Archive for the ‘consumer revolution’ tag
Do you realize that “digital Darwinism” (when society and technology evolve faster than a company’s ability to adapt) is a threat to each and every business (including yours)?
Whether you’re a marketer, a business professional or an entrepreneur, it is your job to figure out why consumers connect and how their social conversations influence your brand.
In his book, The End of Business as Usual, Brian Solis cautions that businesses that embrace and adapt to the revolution will survive the perpetual threat of digital Darwinism—and those that do not will die!
Good examples of the effects of digital Darwinism are Blockbuster, Borders and Circuit City.
When Blockbuster filed for bankruptcy in 2010, analysts acknowledged that its predicament had more to do with the drastic shift in “how people watch video” than with their financial issues.
Blockbuster made the mistake of showing indifference to their customers’ collective experiences and refusing to adapt to their needs.
Meanwhile, Netflix was already embracing the culture of innovation and turning home video into a delightful experience. Best of all, there were no strings attached, no late fees or due dates.
The moral of the story is that when businesses underestimate the power of the connected consumer or mistakenly presume to have control of the brand, it’s only a matter of time before “the end of business as usual.”
Here’s what you should know about Brian Solis’ new book.
Brian Solis wrote this book to demonstrate how our digital culture is changing the landscape of business, consumerism and the workplace, and what YOU should do about it.
He hopes that the insights you gain from his book will teach you how to embrace new media in order to become a more competitive, more successful business.
What to Expect
The End of Business as Usual is all about a new era of business. An era in which information (social media) has drastically changed the landscape, disrupted markets and put the connected consumer in charge. It is an era in which businesses must either “adapt or die!”
With 20 chapters (283 pages) of weighty concepts and projections (all supported by research, quotes, statistics, graphs and passionate arguments), it’s no surprise that the book gets a little intense at times. It should therefore be read in small, digestible chunks and with pen and paper handy.
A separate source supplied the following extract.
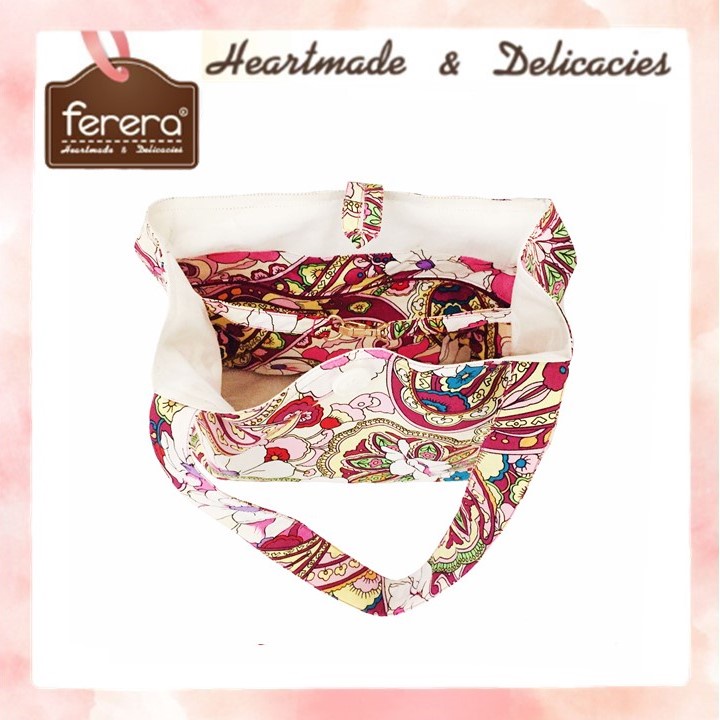 ferera-เฟอเรร่า-กระเป๋าผ้า-กระเป๋าถือ-กระเป๋าผ้าคอตตอน100-ลายดอก-a234fc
You will be introduced to interesting concepts such as:
- Social consumerism
- The connected consumer
- “Youthquake”—how the Millennial generation has become a powerful force of influence and consumerism
- Your audience as an audience with audiences
- The co-creation of brands
- How digital influence creates a new “world order”
#1: Youth quake
This fascinating chapter talks about the Millennial generation (those born between mid-1970s and the late 1990s) and why they should matter to every brand.
According to a study done by Edelman Digital in February 2011, this generation has an incredibly high level of brand loyalty. Specifically:
- 70% of Millennials feel that once they find a company or product they like, they will keep coming back
- 58% are willing to share more personal information with trusted brands
- 86% will share their brand preference online
- Nearly 20% of Millennials attended a brand-sponsored event in the last 30 days
- Of those who attended, 65% purchased the featured product
Beyond their growing influence as consumers, they are also assuming the role of self-ordained experts. Forty-seven percent of Millennials write about their positive experiences with companies and products online (on blogs and social media sites). On the flip side, 39% share negative experiences with their social networks as well.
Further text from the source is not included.